> TO DO: Reproduce word for word, from the entries below, the line with "Bells & Coffee Unisex Softstyle T-Shirt", the line with "Bitcoin, internet para", and every line between them, and nothing more.

------

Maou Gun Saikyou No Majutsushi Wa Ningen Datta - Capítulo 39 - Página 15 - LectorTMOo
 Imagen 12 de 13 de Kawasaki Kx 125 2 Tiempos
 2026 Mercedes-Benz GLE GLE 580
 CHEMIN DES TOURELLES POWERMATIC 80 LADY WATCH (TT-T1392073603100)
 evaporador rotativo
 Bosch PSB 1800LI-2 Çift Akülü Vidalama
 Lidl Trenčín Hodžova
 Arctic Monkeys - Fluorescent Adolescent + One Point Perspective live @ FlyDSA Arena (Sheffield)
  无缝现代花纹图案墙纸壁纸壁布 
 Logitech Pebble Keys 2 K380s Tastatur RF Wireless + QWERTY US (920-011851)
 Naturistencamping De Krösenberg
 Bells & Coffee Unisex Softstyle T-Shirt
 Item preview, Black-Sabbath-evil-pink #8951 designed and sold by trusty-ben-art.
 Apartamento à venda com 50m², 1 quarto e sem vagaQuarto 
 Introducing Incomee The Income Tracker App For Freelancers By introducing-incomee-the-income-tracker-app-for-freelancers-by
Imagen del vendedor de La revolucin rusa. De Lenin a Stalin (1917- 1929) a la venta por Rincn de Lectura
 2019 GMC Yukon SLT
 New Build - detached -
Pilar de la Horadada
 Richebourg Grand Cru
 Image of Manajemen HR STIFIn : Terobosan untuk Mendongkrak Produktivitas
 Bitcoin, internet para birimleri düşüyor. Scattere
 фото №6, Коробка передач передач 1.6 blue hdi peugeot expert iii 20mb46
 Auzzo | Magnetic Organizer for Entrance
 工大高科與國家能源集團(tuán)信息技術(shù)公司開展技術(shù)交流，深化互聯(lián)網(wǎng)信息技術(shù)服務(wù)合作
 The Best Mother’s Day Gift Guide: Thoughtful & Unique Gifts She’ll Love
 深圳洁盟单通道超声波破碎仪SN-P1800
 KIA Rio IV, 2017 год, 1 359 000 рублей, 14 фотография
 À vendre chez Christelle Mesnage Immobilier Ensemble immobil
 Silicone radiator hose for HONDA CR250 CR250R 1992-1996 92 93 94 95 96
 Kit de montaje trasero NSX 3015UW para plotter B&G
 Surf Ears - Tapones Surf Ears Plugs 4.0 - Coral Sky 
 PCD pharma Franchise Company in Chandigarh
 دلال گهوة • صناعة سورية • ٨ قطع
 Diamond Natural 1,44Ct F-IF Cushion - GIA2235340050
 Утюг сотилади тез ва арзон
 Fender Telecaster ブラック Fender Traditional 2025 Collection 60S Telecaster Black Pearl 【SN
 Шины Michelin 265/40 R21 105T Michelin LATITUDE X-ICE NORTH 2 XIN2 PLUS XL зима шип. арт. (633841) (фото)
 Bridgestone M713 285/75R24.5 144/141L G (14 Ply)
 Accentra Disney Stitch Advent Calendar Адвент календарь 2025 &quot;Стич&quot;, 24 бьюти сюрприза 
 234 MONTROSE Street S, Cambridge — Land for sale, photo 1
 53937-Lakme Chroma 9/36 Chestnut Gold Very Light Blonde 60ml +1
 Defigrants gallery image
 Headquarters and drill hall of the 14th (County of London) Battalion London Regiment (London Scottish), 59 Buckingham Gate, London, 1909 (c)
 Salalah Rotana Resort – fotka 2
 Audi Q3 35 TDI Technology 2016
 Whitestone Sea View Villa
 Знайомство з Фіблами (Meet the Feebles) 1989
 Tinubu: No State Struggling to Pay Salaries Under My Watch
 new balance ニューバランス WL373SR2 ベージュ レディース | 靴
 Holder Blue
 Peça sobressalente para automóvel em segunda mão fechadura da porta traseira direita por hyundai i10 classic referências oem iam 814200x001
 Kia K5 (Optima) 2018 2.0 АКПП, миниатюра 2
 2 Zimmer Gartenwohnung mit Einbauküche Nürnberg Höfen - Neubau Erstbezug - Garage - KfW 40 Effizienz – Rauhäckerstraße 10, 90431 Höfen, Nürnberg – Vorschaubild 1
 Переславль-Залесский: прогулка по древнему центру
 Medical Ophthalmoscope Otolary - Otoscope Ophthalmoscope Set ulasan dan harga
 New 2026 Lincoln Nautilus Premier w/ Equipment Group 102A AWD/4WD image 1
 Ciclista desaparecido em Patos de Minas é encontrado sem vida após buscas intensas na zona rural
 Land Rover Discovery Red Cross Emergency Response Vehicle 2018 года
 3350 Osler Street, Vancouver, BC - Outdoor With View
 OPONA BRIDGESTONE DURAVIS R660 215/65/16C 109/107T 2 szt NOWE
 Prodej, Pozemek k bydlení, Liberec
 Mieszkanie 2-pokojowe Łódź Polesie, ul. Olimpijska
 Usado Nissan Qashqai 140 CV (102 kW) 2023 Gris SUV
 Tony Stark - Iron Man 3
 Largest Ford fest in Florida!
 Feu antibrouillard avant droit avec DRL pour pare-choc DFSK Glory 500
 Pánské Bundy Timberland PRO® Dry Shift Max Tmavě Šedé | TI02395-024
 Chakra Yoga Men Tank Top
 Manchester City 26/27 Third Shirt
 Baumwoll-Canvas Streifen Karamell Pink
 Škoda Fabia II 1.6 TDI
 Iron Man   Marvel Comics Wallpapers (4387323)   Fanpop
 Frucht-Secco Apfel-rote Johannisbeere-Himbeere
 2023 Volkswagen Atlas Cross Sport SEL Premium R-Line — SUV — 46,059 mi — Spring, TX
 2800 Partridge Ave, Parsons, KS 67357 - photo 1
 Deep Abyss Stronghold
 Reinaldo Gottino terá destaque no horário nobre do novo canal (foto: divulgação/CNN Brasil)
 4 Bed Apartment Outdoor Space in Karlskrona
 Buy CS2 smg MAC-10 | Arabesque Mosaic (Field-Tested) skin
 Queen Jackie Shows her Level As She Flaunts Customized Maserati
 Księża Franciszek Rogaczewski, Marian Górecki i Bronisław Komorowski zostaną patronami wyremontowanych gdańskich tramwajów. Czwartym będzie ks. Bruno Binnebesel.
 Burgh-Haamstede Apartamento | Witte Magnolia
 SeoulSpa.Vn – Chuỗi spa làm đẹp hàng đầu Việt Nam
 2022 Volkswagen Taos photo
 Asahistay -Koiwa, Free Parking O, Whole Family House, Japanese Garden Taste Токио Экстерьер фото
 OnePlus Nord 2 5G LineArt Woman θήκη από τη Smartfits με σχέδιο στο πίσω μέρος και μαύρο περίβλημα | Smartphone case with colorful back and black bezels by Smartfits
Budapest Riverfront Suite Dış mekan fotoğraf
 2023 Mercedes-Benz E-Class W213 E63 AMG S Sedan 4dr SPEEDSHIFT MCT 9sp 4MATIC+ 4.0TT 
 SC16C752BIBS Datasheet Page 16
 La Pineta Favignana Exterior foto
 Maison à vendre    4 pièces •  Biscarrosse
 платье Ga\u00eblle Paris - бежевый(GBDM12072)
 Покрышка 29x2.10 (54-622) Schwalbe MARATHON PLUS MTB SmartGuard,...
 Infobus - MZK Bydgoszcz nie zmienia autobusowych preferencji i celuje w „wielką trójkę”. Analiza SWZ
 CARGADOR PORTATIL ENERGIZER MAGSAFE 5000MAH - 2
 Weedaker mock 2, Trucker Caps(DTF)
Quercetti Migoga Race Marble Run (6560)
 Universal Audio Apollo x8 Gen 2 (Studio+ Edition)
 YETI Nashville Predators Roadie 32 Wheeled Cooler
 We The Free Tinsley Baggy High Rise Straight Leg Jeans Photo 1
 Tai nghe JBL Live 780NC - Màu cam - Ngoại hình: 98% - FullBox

------

> RESPONSE BOX:
 Bells & Coffee Unisex Softstyle T-Shirt
 Item preview, Black-Sabbath-evil-pink #8951 designed and sold by trusty-ben-art.
 Apartamento à venda com 50m², 1 quarto e sem vagaQuarto 
 Introducing Incomee The Income Tracker App For Freelancers By introducing-incomee-the-income-tracker-app-for-freelancers-by
Imagen del vendedor de La revolucin rusa. De Lenin a Stalin (1917- 1929) a la venta por Rincn de Lectura
 2019 GMC Yukon SLT
 New Build - detached -
Pilar de la Horadada
 Richebourg Grand Cru
 Image of Manajemen HR STIFIn : Terobosan untuk Mendongkrak Produktivitas
 Bitcoin, internet para birimleri düşüyor. Scattere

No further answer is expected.